In summary: I think the progression should be (a) then (b) then (c). Where all of these versions start out with a reduced scope, and functionality once it has proven itself at one level, progresses up through the ranks if it is safe. Either way (a) (which is the lowest level of trust) seems like where we need to start.


You seem to specify how one might classify whether something is safe for a version. I think that misses the point.
What we need to agree on is what a certain level should be and who it is for. How we determine whether a given functionality is safe for a particular level or not is an important implementation detail, but an implementation detail all the same.
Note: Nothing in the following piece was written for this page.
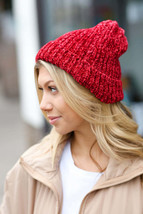 Cranberry Knit Velvet Chenille Fold Over Beanie - $11.29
What I would like us to agree on is:

  • who are given levels for and what type of user and usage do they target
  • what environment could such a protection level be used in

With those types of criteria in mind my sense has been that we are working towards:

  • (a) a level that offers minimal protection, but can act as a nice safe guard internally in an organization, but should not be deemed safe for giving untrusted parties access to data. This level likely does not make it possible to work with data that the analyst couldn't otherwise already work with, but is a nice safeguard to avoid accidentally seeing the data of individual users, and for producing reports that can safely be shared with others
  • (b) a level that requires significant effort, and malicious intent, to break. Effort to the point where it is unrealistic that someone who is an employee in an organization and has real work to do would ever bother. Even if they did bother they would leave very clear traces of malicious behavior, and could be punished accordingly. This level aims to make it possible for analysts to work on data that otherwise would be out of bounds.
  • (c) a level with protections so strong that one can, without meaningful risk, open a dataset to the world or to a set of anonymous and untrusted third parties. It should offer protections so strong that even with time, resources, and malicious intent, an attacker should not manage to extract meaningful information

We can then spend time discussing how a piece of functionality needs to prove itself before it can be included in a given level. But I don't think that is relevant for this discussion.
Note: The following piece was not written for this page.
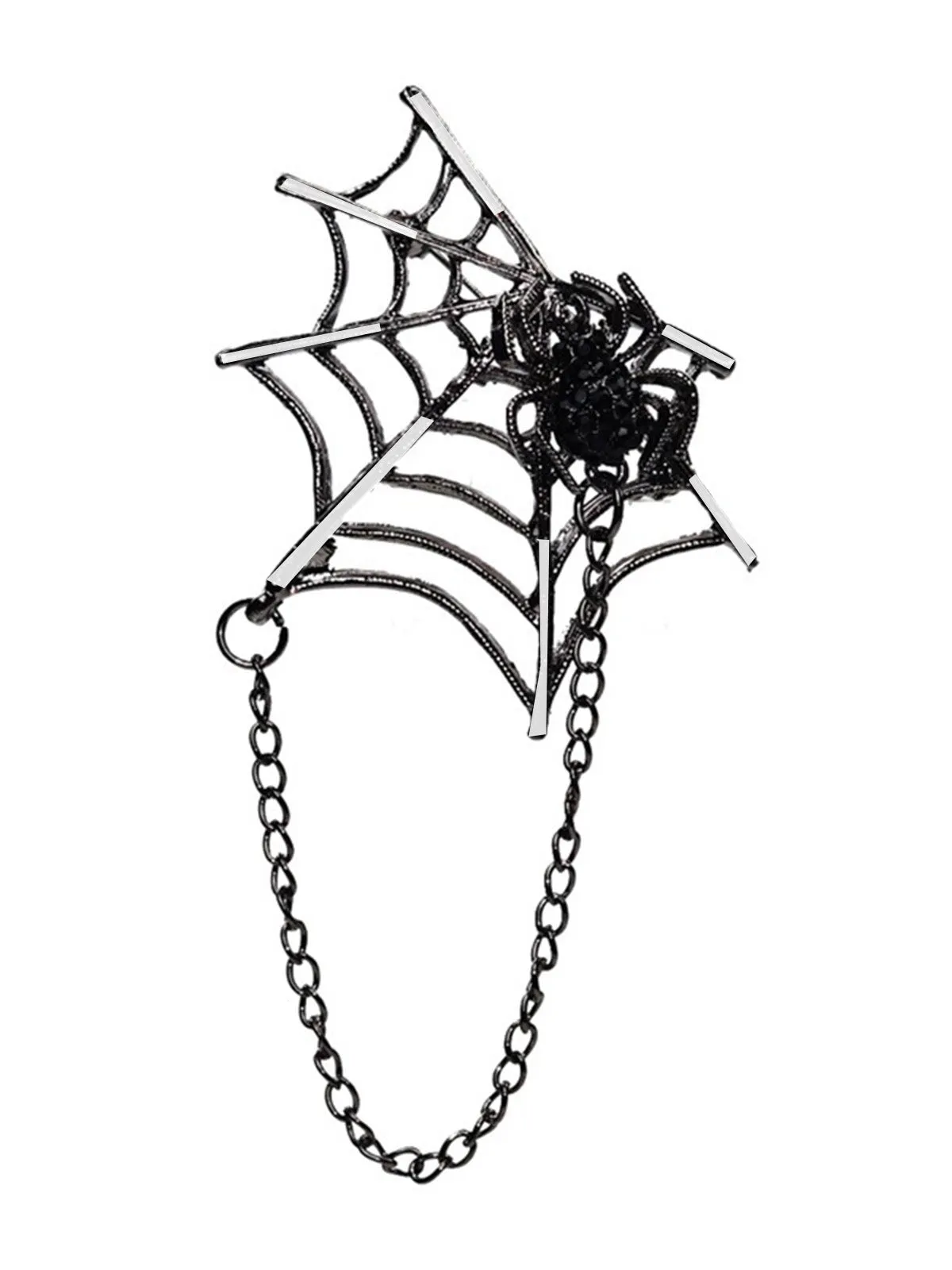 Halloween Diamond Spider Web Gothic Brooch sold by Retro Stage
(a) a level that offers minimal protection, but can act as a nice safe guard internally in an organization, but should not be deemed safe for giving untrusted parties access to data. This level likely does not make it possible to work with data that the analyst couldn't otherwise already work with, but is a nice safeguard to avoid accidentally seeing the data of individual users, and for producing reports that can safely be shared with others

In my mind, the target here is something where any data revealed to the public by a non-malicious analyst is GDPR anonymous. The fact that this might be very useful as a safe-guard internally in an organization is great, but not the target. We need to discuss.
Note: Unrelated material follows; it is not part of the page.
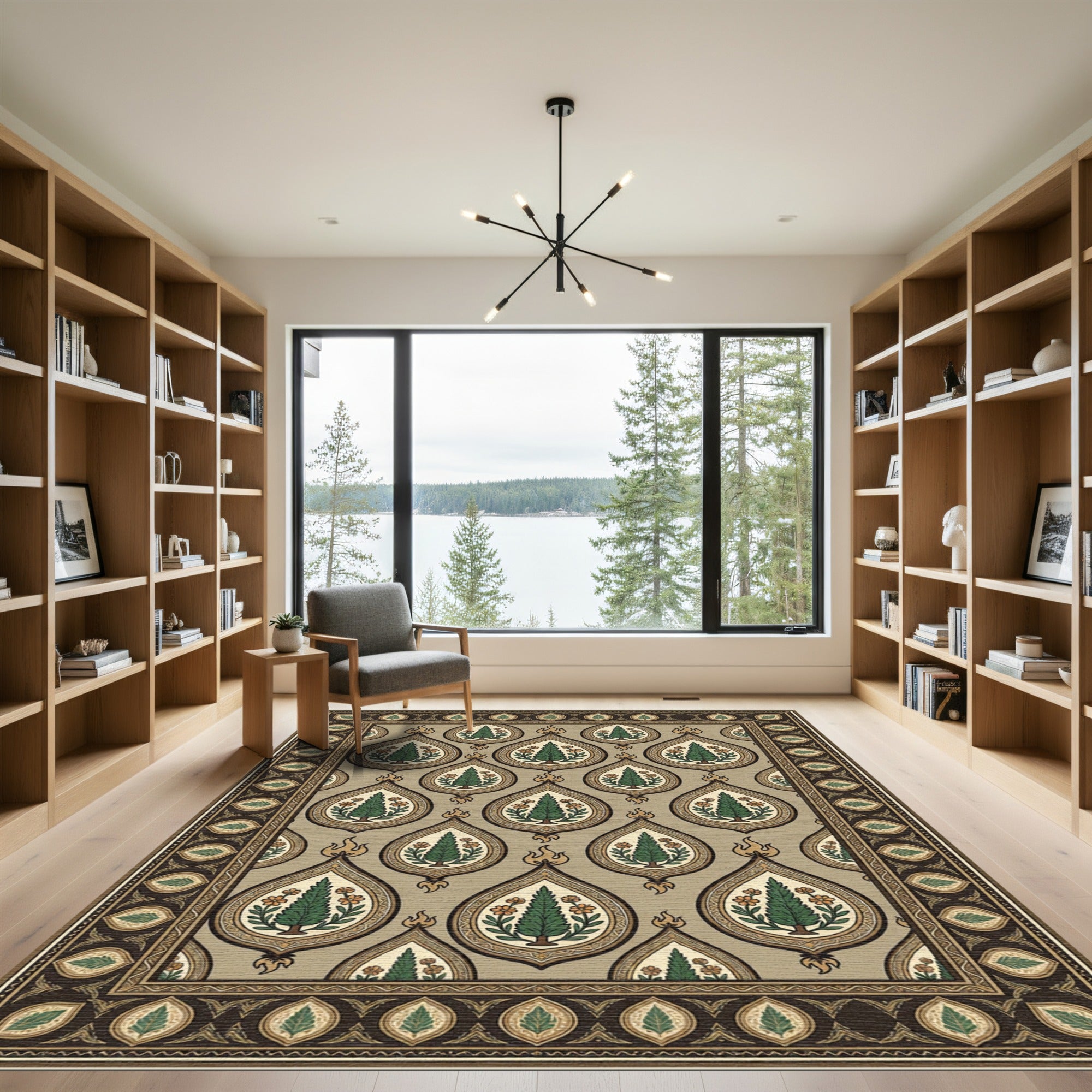 Teal Green Tree Tear Drop Border Rug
(b) a level that requires significant effort, and malicious intent, to break. Effort to the point where it is unrealistic that someone who is an employee in an organization and has real work to do would ever bother. Even if they did bother they would leave very clear traces of malicious behavior, and could be punished accordingly. This level aims to make it possible for analysts to work on data that otherwise would be out of bounds.

So are you suggested we step away from the "no known vulnerabilities" goal, but rather have something that has known vulnerabilities but we consider them too expensive to exploit? I disagree, but again lets discuss.